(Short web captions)

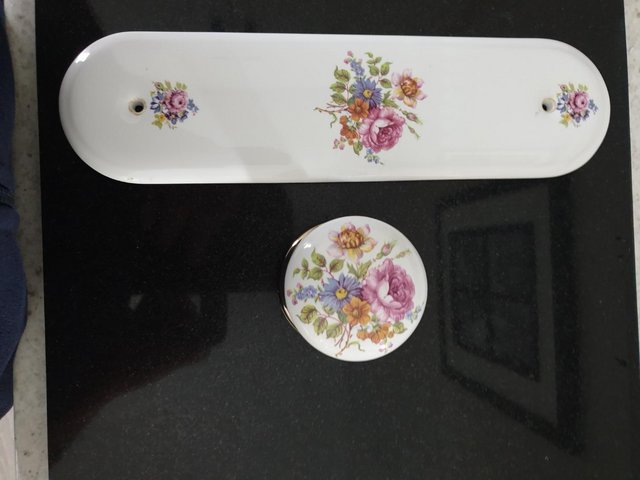 Preview of the first image of White Ceramic Flower Door Handles/Finger plates.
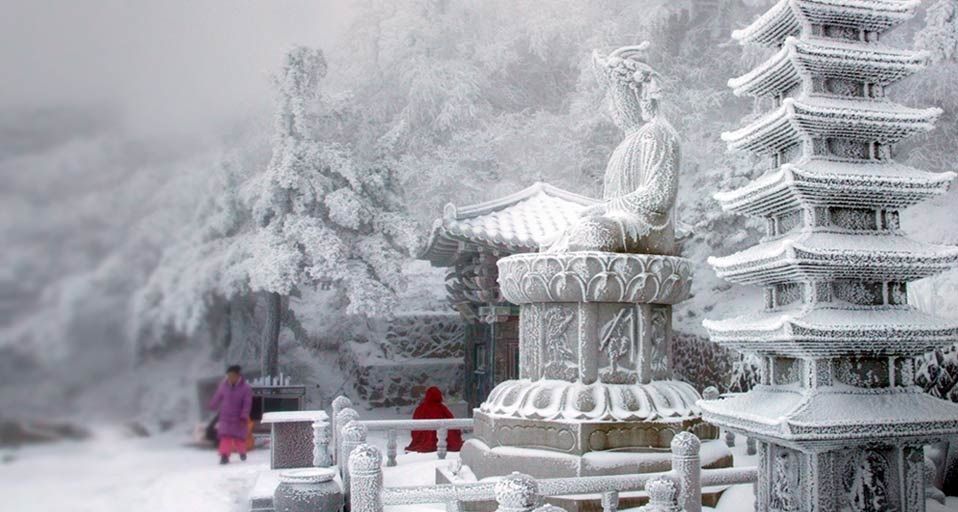 Snow blankets a temple on a mountain in South Korea's eastern Gangwon Province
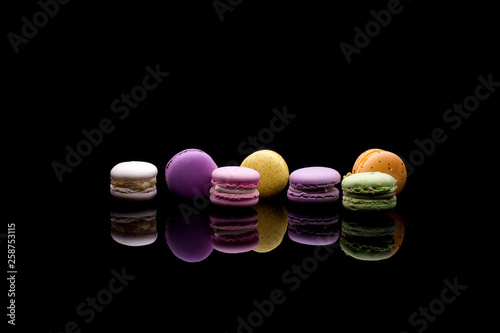 diffrent colorfull macarons on black background .pink, yellow, purple, green color macaroons 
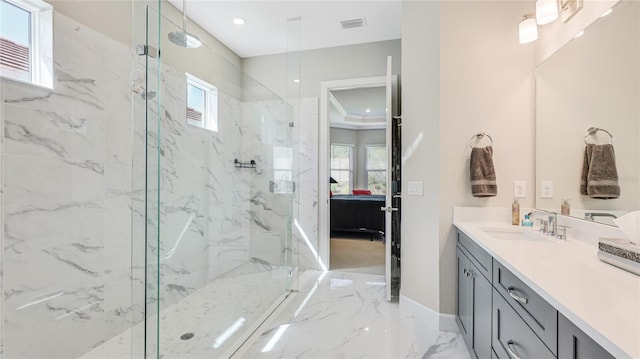 bathroom with marble finish floor, a marble finish shower, visible vents, connected bathroom, and vanity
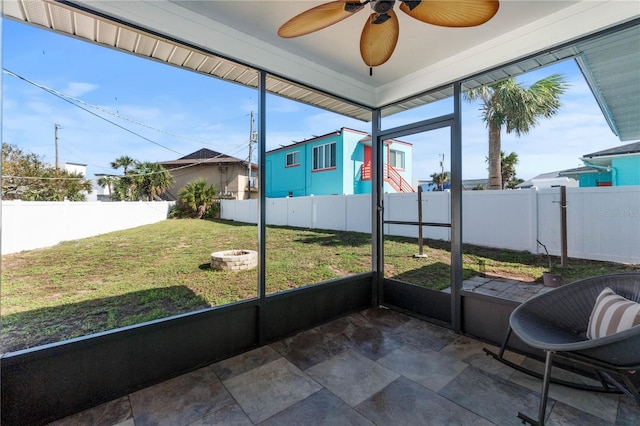 unfurnished sunroom featuring a wealth of natural light and ceiling fan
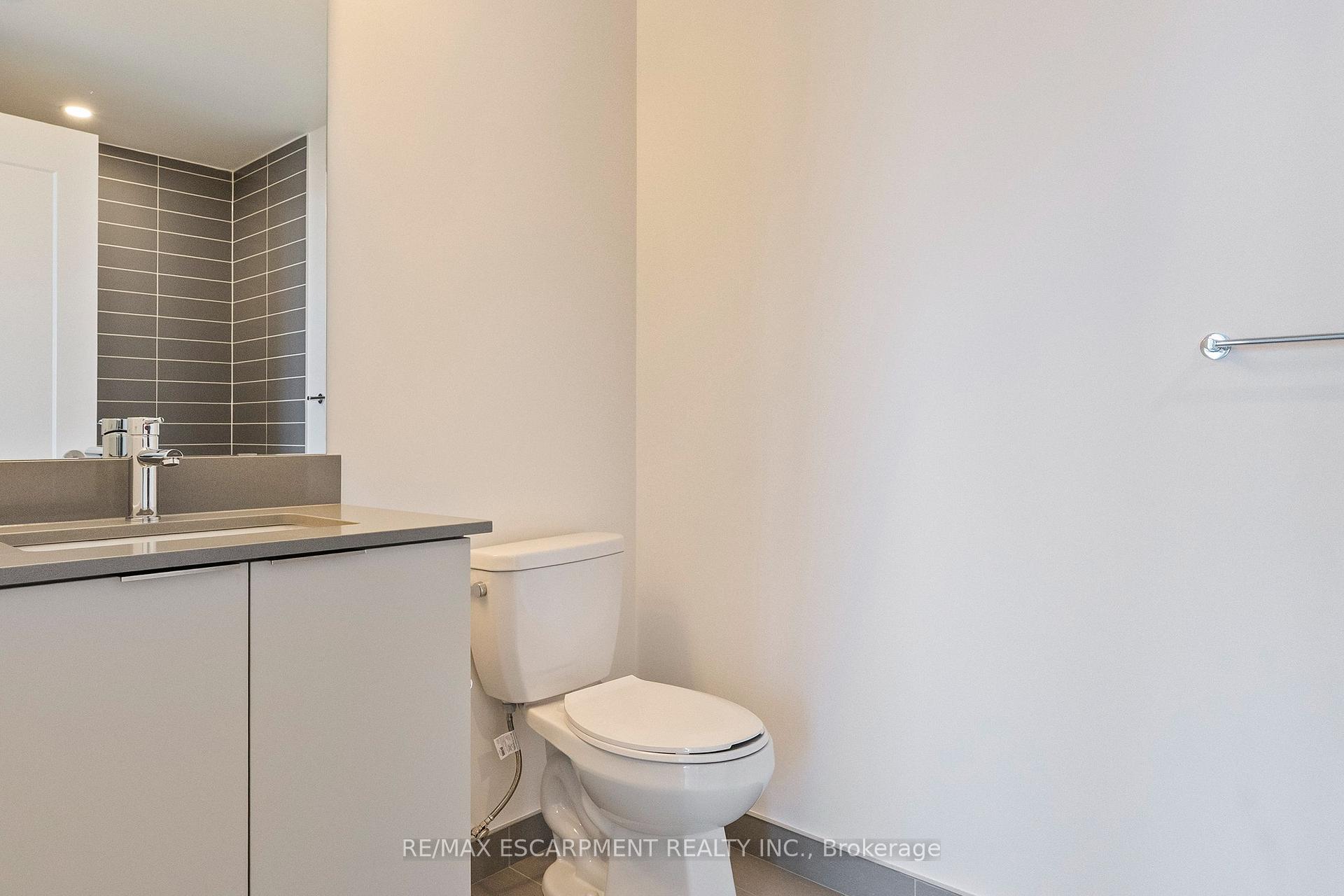 Modern bathroom with a white vanity, gray countertop, toilet, and dark horizontal wall tile.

■ **Your instructions**
The data shown above must be printed again exactly, with no images included.

■ **Task solution**
 Preview of the first image of White Ceramic Flower Door Handles/Finger plates.
 Snow blankets a temple on a mountain in South Korea's eastern Gangwon Province
 diffrent colorfull macarons on black background .pink, yellow, purple, green color macaroons 
 bathroom with marble finish floor, a marble finish shower, visible vents, connected bathroom, and vanity
 unfurnished sunroom featuring a wealth of natural light and ceiling fan
 Modern bathroom with a white vanity, gray countertop, toilet, and dark horizontal wall tile.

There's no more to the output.